■ ASSIGNED TASK ■
Give again, word for word, the lines below that run from the line with "BMW 3 Serie" through the line with "15.06.2025 - 27.". Drop the pictures.

RECORDS SUPPLIED Start Marker

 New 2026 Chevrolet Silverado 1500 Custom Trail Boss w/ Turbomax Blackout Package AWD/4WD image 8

RECORDS SUPPLIED End Marker
RECORDS SUPPLIED Start Marker

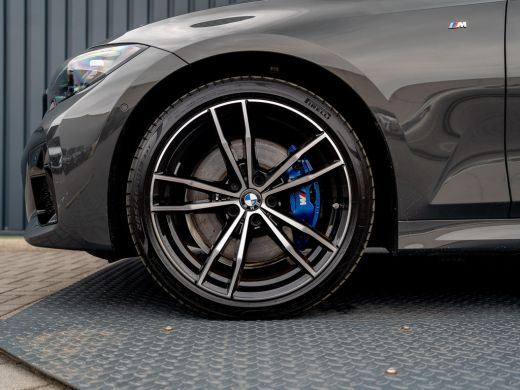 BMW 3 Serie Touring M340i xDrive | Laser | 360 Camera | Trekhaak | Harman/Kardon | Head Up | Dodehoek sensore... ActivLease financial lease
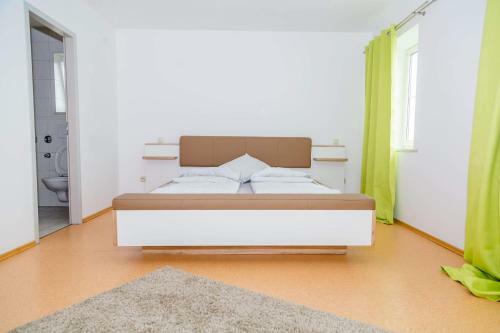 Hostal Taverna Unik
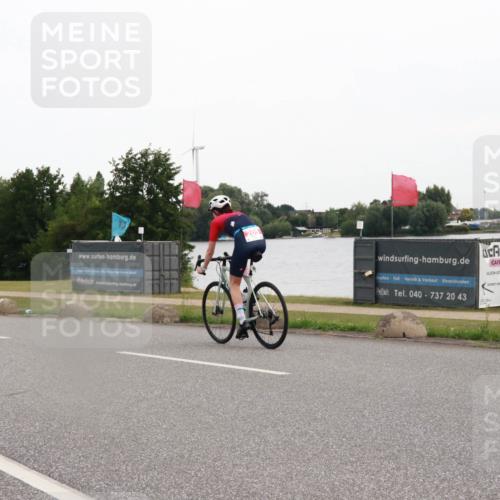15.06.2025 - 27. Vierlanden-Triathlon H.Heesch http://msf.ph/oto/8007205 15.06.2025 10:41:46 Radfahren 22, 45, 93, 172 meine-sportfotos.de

RECORDS SUPPLIED End Marker

■ SOLUTION ■
 BMW 3 Serie Touring M340i xDrive | Laser | 360 Camera | Trekhaak | Harman/Kardon | Head Up | Dodehoek sensore... ActivLease financial lease
 Hostal Taverna Unik
15.06.2025 - 27. Vierlanden-Triathlon H.Heesch http://msf.ph/oto/8007205 15.06.2025 10:41:46 Radfahren 22, 45, 93, 172 meine-sportfotos.de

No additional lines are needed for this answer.